● **Task details**:
Once the line with "unfurnished living room" is found in the entries below, print it and each following line exactly, stopping after the line with "AMRTA by GUNEET"; print nothing else.

● **Task inputs**:
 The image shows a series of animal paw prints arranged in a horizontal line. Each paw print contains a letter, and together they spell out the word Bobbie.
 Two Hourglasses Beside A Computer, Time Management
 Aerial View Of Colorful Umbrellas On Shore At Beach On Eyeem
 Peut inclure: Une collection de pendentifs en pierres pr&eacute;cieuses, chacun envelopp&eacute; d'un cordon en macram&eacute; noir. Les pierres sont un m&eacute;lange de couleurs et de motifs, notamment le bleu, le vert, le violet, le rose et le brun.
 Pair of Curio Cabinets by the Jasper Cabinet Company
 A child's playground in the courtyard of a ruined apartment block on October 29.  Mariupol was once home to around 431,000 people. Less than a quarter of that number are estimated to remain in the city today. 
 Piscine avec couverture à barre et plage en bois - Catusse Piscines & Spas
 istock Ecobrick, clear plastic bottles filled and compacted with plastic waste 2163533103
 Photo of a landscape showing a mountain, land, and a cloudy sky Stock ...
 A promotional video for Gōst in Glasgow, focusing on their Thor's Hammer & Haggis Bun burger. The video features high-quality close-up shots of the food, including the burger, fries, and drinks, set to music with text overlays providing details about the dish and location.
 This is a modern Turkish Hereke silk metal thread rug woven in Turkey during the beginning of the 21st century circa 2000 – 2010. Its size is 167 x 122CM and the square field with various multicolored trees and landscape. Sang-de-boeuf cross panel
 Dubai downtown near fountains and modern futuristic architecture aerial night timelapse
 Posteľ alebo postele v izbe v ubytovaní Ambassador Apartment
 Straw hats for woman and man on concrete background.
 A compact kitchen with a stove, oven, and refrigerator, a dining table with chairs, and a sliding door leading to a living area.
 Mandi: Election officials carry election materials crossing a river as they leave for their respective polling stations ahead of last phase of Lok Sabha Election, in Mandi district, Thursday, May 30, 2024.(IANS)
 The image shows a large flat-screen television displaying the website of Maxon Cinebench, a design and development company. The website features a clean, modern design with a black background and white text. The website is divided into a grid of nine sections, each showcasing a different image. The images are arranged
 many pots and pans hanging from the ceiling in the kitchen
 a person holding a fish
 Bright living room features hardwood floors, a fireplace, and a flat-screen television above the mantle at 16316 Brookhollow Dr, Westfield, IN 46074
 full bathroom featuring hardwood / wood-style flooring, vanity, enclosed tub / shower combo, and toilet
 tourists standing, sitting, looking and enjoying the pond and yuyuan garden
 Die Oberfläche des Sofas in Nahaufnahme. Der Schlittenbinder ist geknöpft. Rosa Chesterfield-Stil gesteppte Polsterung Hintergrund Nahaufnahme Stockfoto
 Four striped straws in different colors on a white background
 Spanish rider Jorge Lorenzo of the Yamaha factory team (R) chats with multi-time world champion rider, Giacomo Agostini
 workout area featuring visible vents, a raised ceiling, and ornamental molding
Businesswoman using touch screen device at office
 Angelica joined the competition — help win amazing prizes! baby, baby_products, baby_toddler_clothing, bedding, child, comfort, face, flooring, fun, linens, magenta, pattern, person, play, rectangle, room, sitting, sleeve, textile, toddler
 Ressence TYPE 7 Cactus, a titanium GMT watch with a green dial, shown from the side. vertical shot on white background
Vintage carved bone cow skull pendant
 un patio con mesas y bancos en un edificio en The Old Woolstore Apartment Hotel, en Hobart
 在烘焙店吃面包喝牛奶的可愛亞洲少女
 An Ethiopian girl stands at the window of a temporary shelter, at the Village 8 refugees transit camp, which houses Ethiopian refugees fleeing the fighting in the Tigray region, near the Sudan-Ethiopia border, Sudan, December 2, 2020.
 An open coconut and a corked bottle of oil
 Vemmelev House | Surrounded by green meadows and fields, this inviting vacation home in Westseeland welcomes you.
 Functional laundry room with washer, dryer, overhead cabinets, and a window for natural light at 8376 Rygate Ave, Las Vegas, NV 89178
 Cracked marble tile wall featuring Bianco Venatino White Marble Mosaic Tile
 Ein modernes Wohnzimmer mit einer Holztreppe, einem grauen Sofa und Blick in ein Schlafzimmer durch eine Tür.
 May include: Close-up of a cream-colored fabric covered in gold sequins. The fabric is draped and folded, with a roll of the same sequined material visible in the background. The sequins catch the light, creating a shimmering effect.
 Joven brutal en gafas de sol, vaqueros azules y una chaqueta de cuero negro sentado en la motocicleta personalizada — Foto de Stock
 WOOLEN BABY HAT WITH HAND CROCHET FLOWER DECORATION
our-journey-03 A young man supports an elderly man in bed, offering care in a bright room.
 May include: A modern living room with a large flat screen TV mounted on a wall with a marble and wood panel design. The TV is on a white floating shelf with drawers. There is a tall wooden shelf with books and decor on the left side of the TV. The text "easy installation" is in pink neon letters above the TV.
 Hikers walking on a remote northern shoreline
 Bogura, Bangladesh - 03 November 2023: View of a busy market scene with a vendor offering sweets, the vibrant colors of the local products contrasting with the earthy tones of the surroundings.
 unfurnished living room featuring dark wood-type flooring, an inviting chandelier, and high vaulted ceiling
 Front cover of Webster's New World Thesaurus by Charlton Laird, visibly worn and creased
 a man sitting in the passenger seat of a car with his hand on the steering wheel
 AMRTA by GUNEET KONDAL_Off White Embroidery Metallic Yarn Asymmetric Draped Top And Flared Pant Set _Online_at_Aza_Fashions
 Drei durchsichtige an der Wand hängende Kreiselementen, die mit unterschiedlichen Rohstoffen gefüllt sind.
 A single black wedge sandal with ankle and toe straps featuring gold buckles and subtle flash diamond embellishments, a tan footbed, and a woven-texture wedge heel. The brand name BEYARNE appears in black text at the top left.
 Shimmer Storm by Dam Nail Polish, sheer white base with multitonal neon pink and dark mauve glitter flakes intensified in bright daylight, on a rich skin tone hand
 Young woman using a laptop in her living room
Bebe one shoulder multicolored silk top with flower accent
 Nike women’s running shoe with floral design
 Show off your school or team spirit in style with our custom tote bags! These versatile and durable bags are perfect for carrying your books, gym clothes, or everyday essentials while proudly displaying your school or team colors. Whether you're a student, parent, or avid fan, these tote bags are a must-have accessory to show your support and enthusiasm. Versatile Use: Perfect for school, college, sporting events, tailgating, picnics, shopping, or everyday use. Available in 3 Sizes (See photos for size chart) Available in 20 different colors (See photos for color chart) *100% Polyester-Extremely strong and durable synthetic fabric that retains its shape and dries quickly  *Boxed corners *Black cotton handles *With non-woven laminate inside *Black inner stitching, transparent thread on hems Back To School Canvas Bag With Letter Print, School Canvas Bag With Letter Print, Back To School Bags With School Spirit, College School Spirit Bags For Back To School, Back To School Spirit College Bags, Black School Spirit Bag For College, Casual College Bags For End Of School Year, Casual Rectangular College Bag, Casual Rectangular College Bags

● **Exercise answer**:
 unfurnished living room featuring dark wood-type flooring, an inviting chandelier, and high vaulted ceiling
 Front cover of Webster's New World Thesaurus by Charlton Laird, visibly worn and creased
 a man sitting in the passenger seat of a car with his hand on the steering wheel
 AMRTA by GUNEET KONDAL_Off White Embroidery Metallic Yarn Asymmetric Draped Top And Flared Pant Set _Online_at_Aza_Fashions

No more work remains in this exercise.